My situation at the time I was licensed was not exactly the same, but when I was first looking for a call my candidates and credentials committee (whatever that particular committee may be called in your presbytery) knew that there were not many openings within the ARP at that time and actively encouraged me to seek a pulpit in a sister NAPARC denomination. I interviewed with RCUS, PCA, OPC, RPCNA, and ARP churches before being installed as the minister here in Ellisville, which at the time was "Independent".


----------



## Jake (Apr 11, 2014)

Tim said:


> Edward said:
> 
> 
> > It might not be clear to some of the Baptists here, so I'll point out that an ordained teaching elder is a member of presbytery, not of the congregation which he serves.
> ...



Is this the case with any other Presbyterian bodies in the US? I know it's not generally the case in Dutch Reformed churches, but other Westminister-confessing churches?


----------



## AlexanderHenderson1647 (Apr 11, 2014)

An elder-at-large in the OPC who attends our RP plant here in Dayton has had his credentials recognized somewhat de facto.
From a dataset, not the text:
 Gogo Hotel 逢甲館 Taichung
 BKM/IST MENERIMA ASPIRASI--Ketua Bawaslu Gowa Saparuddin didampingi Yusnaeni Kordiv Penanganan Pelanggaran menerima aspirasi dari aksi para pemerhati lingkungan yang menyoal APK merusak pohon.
He exhorts on occasion from the pulpit in keeping with the RP practice to allow REs to do so from time to time with the blessing of our oversight planting committee, Southern Church Extension.


----------



## Edward (Apr 11, 2014)

Tim said:


> This is not the case in the RPCNA. I happened to ask my pastor about this very subject last Lord's Day.



Thanks for the additional information about that denomination.


----------